- _Work required_
Pictures in the data should be dropped; transcribe exactly the lines from the one that has "Crecimiento económico y" through the one that has "Some of the".

——————

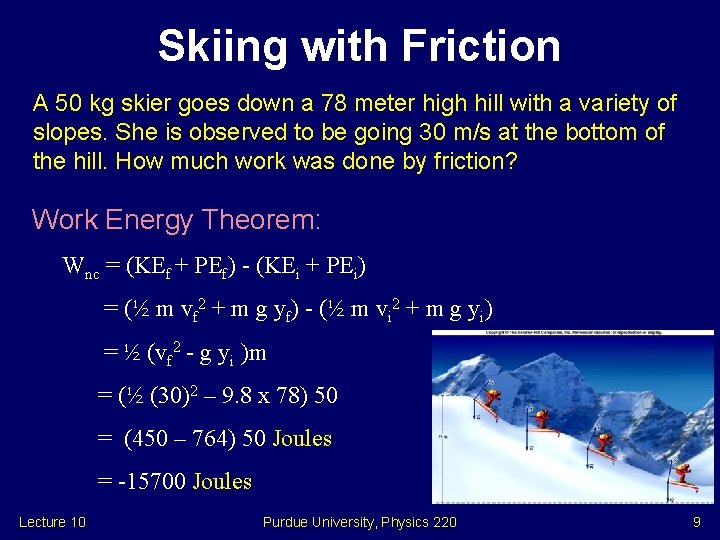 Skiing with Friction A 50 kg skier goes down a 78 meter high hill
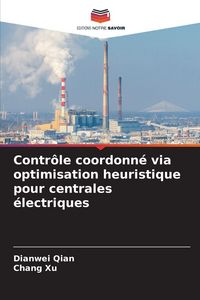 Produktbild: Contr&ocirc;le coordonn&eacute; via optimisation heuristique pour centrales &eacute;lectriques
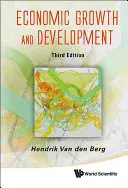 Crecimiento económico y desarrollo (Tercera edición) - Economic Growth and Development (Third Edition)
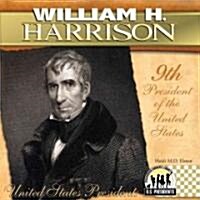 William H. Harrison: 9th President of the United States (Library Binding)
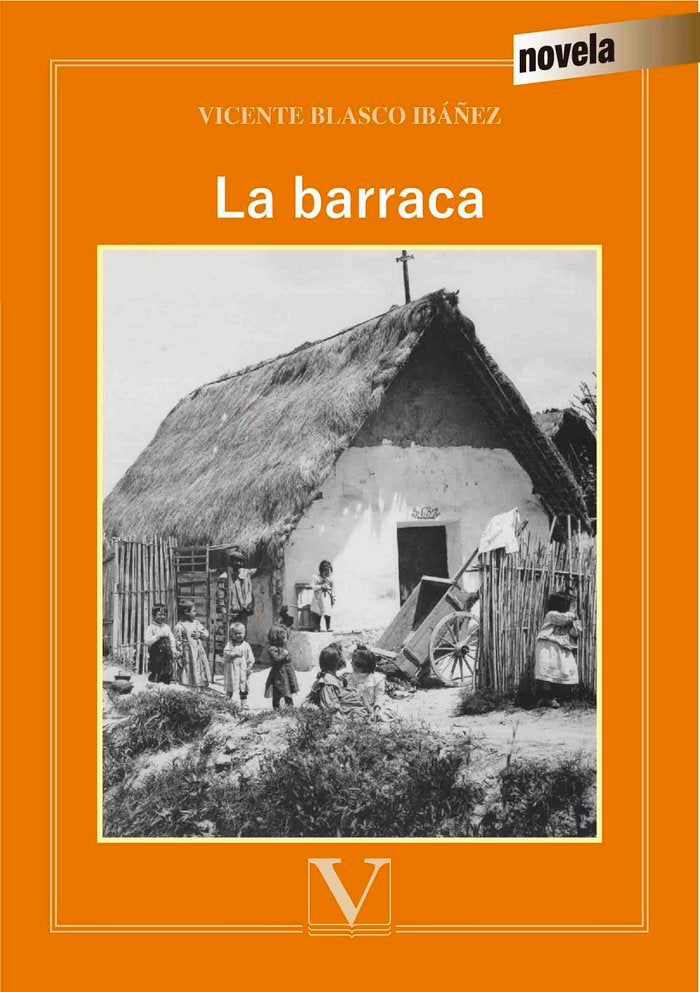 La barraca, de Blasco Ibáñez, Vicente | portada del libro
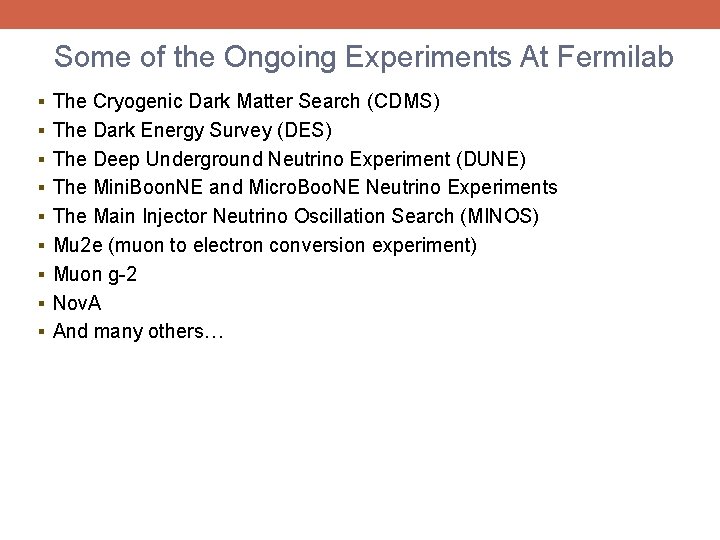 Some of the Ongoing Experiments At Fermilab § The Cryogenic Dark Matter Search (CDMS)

——————

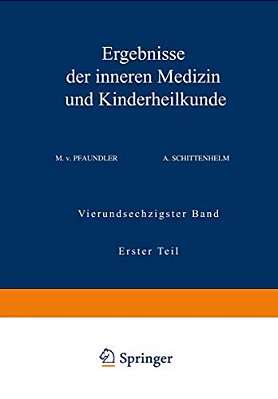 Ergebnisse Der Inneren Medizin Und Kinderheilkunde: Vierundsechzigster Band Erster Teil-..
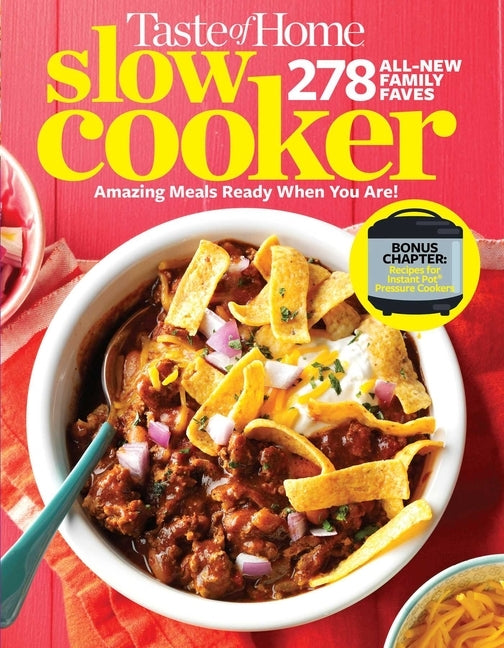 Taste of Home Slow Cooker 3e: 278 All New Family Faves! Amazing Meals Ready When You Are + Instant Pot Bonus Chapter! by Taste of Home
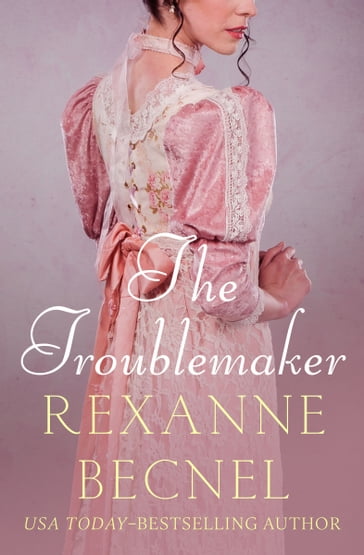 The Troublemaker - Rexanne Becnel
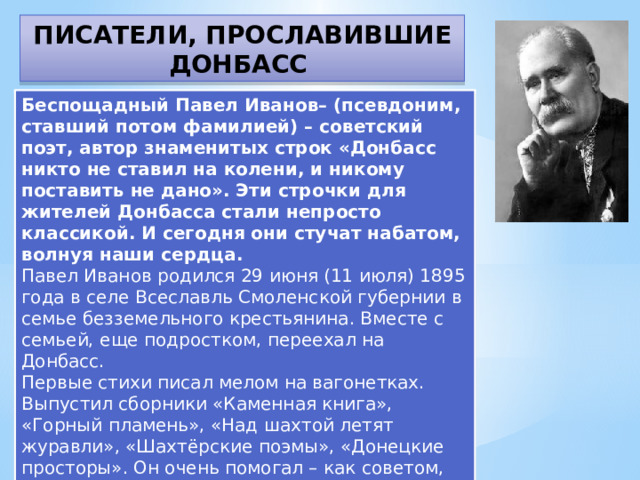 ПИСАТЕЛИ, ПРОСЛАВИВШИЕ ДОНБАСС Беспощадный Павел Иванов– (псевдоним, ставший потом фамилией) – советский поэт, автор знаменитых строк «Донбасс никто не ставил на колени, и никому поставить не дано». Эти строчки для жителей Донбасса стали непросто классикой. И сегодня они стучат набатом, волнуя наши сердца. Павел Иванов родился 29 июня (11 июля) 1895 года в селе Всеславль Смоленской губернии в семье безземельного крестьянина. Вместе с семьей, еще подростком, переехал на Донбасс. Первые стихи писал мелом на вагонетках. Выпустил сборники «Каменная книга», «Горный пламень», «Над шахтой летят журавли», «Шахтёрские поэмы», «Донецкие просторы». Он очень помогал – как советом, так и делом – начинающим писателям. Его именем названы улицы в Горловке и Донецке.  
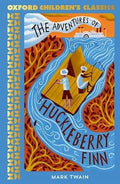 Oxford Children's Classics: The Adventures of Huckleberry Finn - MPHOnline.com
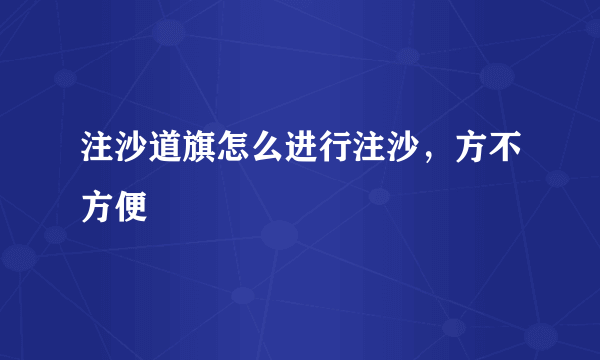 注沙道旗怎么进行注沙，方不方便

——————

- _Result_
 Crecimiento económico y desarrollo (Tercera edición) - Economic Growth and Development (Third Edition)
 William H. Harrison: 9th President of the United States (Library Binding)
 La barraca, de Blasco Ibáñez, Vicente | portada del libro
 Some of the Ongoing Experiments At Fermilab § The Cryogenic Dark Matter Search (CDMS)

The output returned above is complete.